The Canal Walk is a broad name for the series of trials around the canal system that covers about 25 miles. A great taste of it is the area around Tredegar Iron Works and the downtown area. Parking is found around downtown, but the best place for free predictable parking is at the Virginia War Memorial. Exhibits along the walk cover Richmond’s history, and there are plenty of restaurants and bars nearby. This is a great spot to be a tourist in your own town.
Pony Pasture remains an RVA fav. A large parking lot is located at 1710 Riverside Drive, and it’s a fun location to wade, sunbathe, fish and canoe or kayak. I’m still a big fan of inner tubes, whether it’s oldschool from a truck tire, or river tube from Walmart. One for me, and one for a cooler. If you are going to enjoy the current, spring for a sturdy tube, the cheaper ones don’t last long banging against the rocks. And if you are going in the water, it’s always a good idea to protect your feet and ankles with water shoes or a pair of old sneakers.
One of my favorite walks back in the day before it was part of the Canal Walk is the Pipeline Trail. Park at the end of 12th Street and descend on to the pipeline and walk it next to the river near the rapids and train tressels. There’s some climbing involved to get to the pipeline, and no handrails, so this is not for younger children. It is a great spot for photography and wildlife.

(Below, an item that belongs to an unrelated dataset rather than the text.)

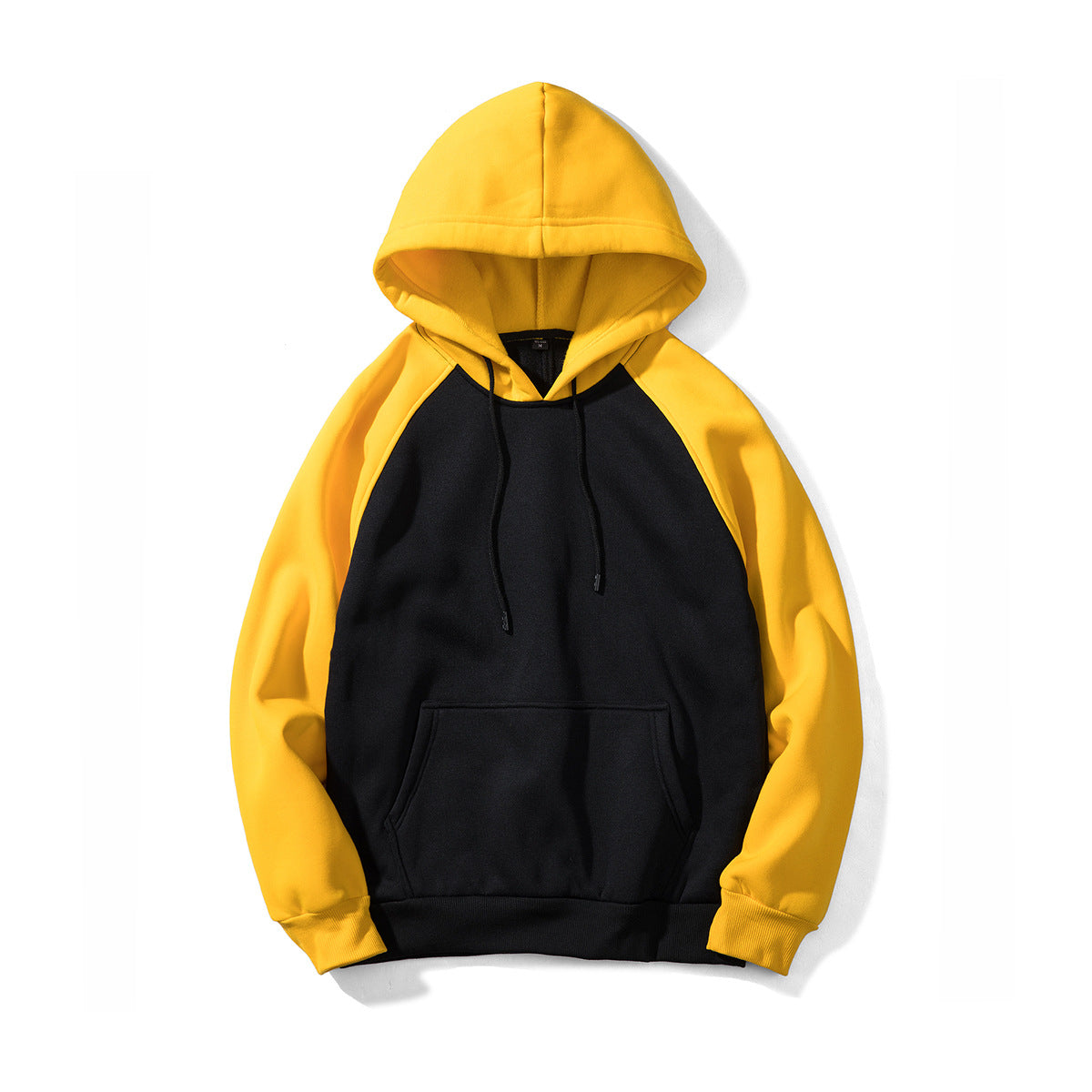 Oversized long-sleeved hooded sweatshirt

If you literally want to jump right in, look into the trips available through Riverside Outfitters. No matter your comfort level, they have a trip for you including calm upper river rafting, to the intermediate falls of the James, to the bigger rapids on the lower river. Evening trips are available too. Located on 6836 Old Westham Road (near Forest Hill and Cherokee), give them a try if you are game for an adventure.
March certainly couldn’t make up its mind, but hopefully April will bring some warm days to tempt you outside. This is Richmond after all, there is always something to do.